Beyond that, each new ‘rock’ is part of a process of building understanding. We need to know what is around us because while we cannot solve all mysteries, we are compelled to solve the ones in front of us, the ones we can get to or develop the tools to investigate. The thing is, each time we go looking we seem to find something surprising, and then we need an answer for the conundrum. It’s a process that presumably began early in the development of our species.

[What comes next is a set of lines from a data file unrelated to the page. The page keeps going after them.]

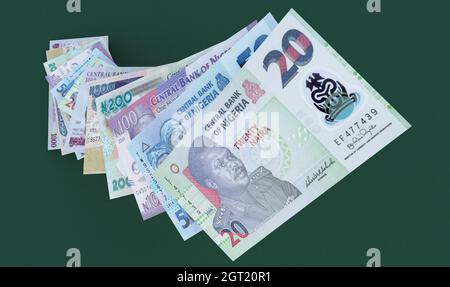 Tutte le denominazioni di naira nigeriano nota su sfondo verde semplice Foto Stock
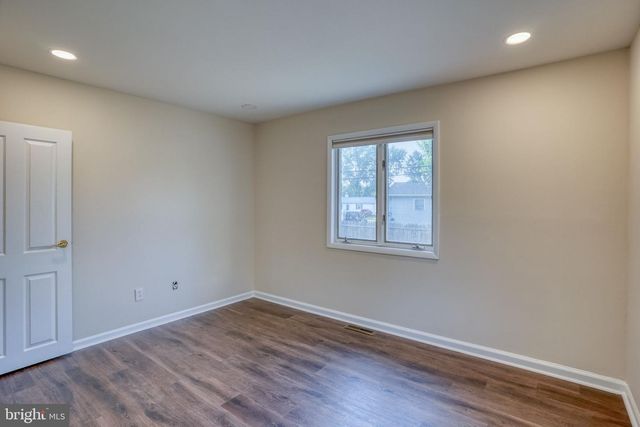 9 JOHN COLLINS CIR, Dover, DE 19904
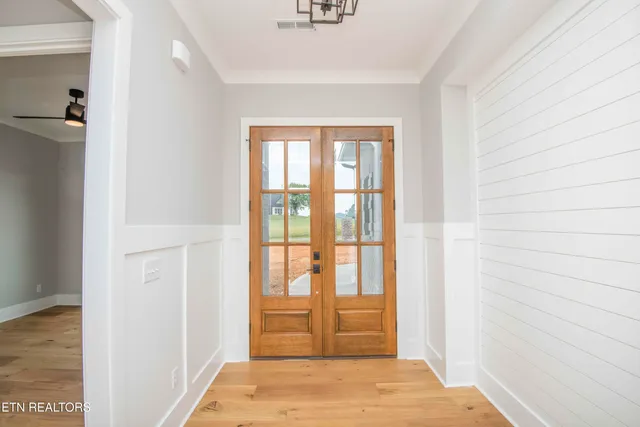 $877,000 | 165 Grandville Court, Vonore, TN 37885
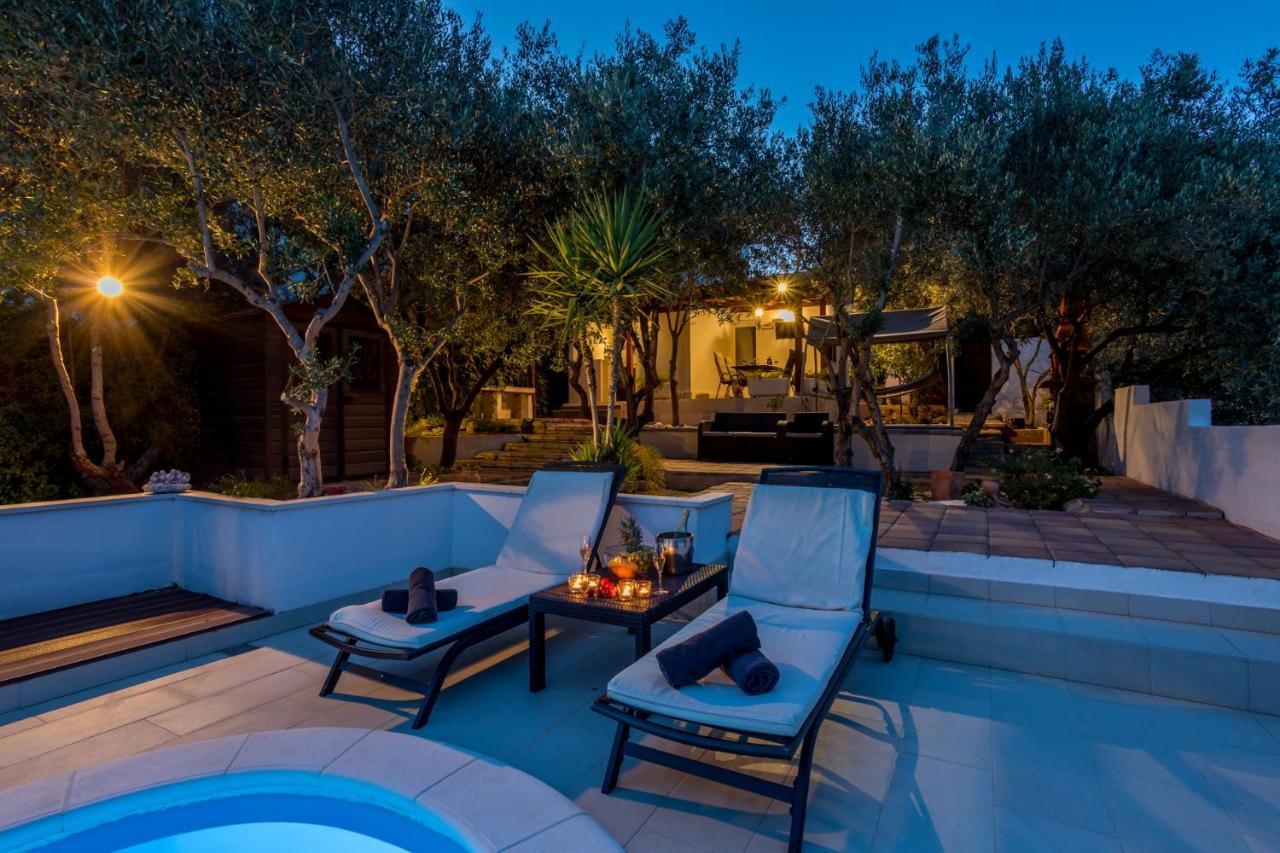 House Oliva With Private Pool And Large Garden Villa Stari Grad  Eksteriør billede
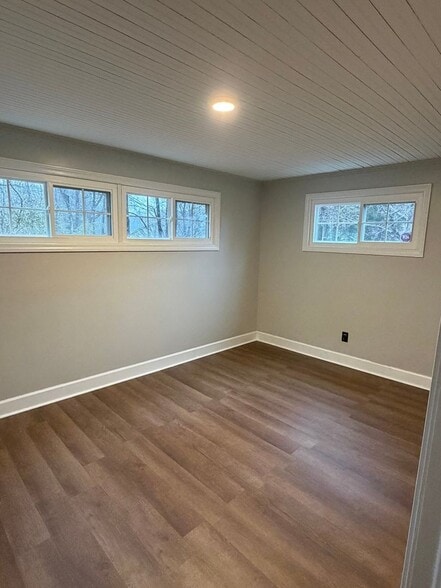 Building Photo - 234 S Peace Haven Rd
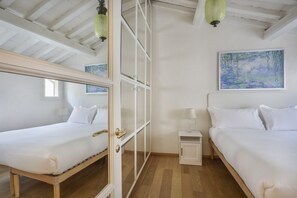 2 bedrooms, iron/ironing board, WiFi, bed sheets - Florentine Gem Apartment (Firenze)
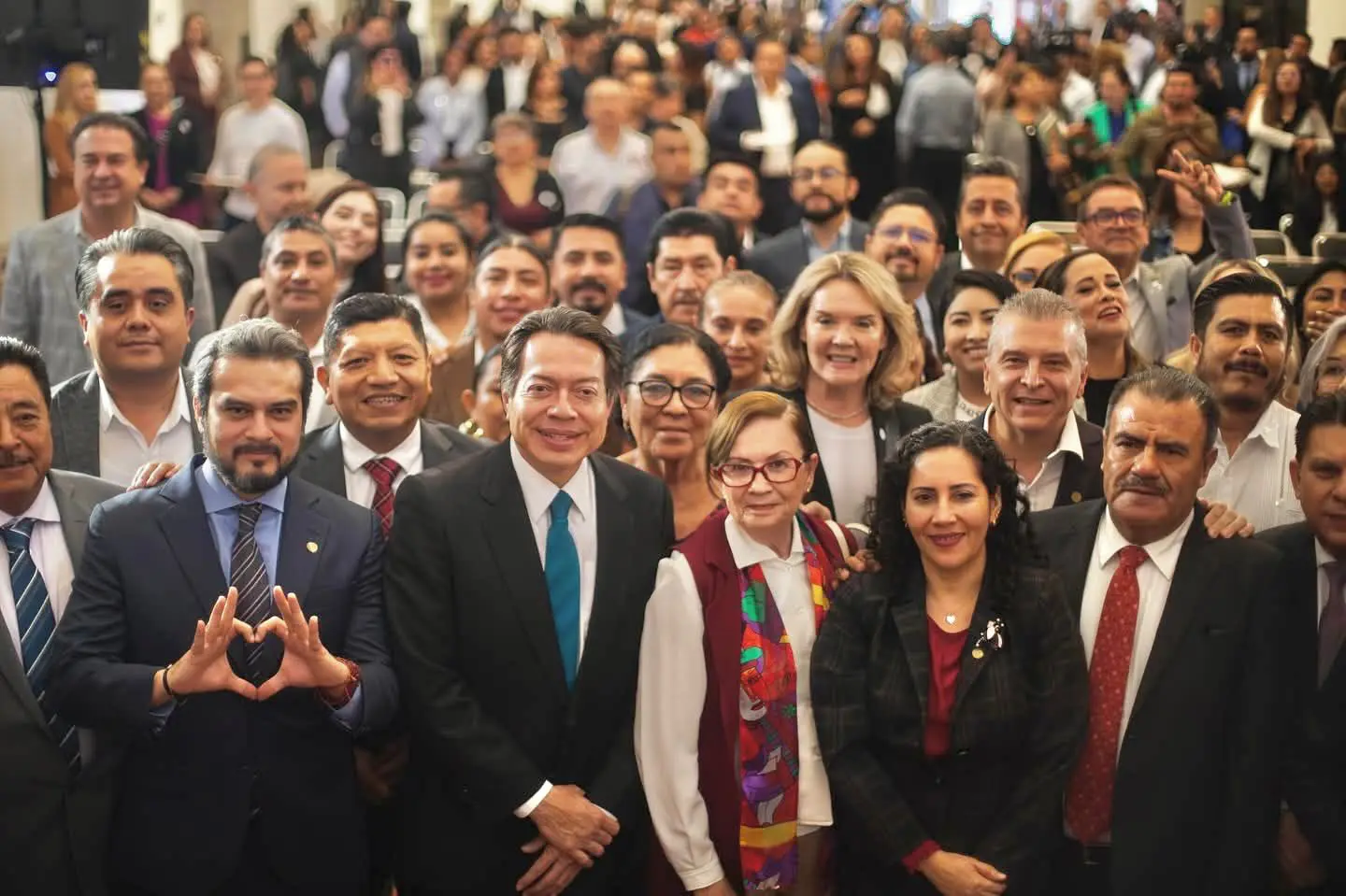 Mario Delgado y autoridades educativas en el foro por el 44 aniversario del INEA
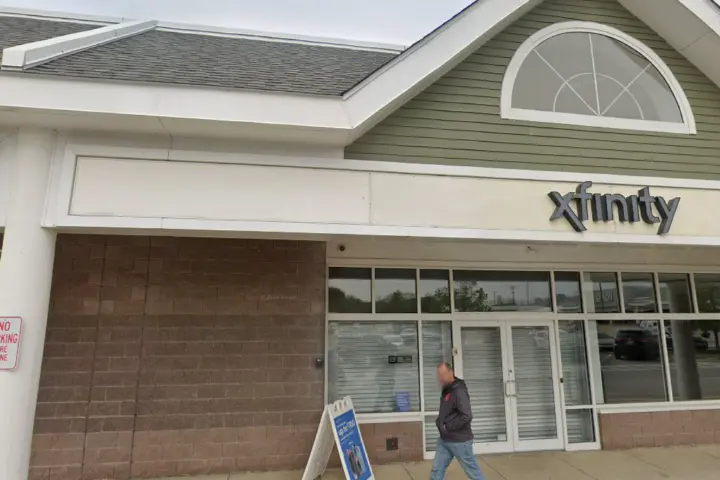 Xfinity – 1458 Lakeshore Road Suite A-130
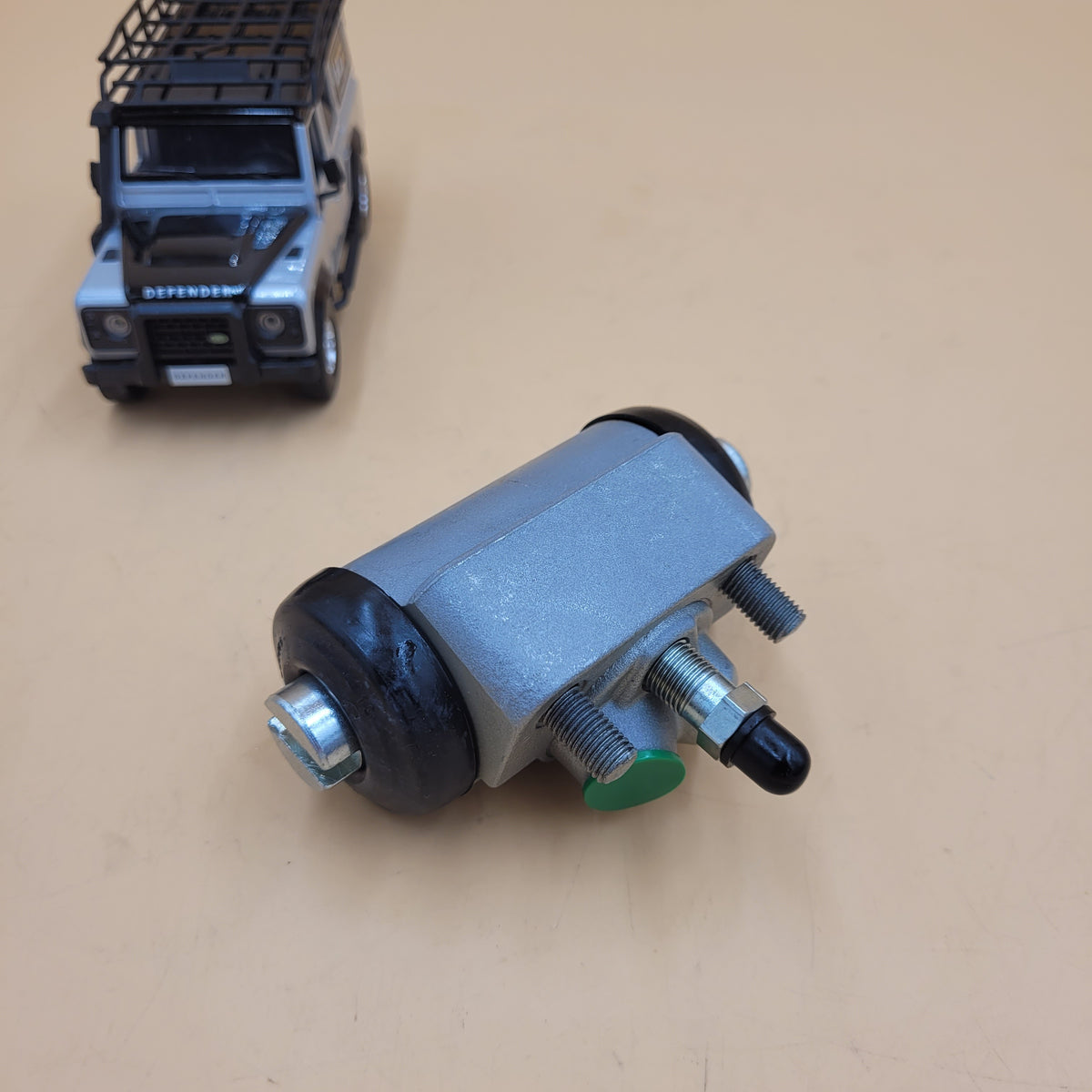 LAND ROVER DEFENDER 130 REAR WHEEL CYLINDER - LEFT HAND SIDE RTC3627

I used to kid Abe by responding, ‘What does another dollar matter? It’s just another dollar.’ He got the point. Abe had a natural touch with money and knew how to make it multiply. Each new business venture was for him a kind of exploration. We just differed in the direction of our passions. I’ll take Charon or GJ 1214b over stock exchanges in New York or Tokyo, and that’s probably while you’ll never be reading about me on the front page of the Wall Street Journal.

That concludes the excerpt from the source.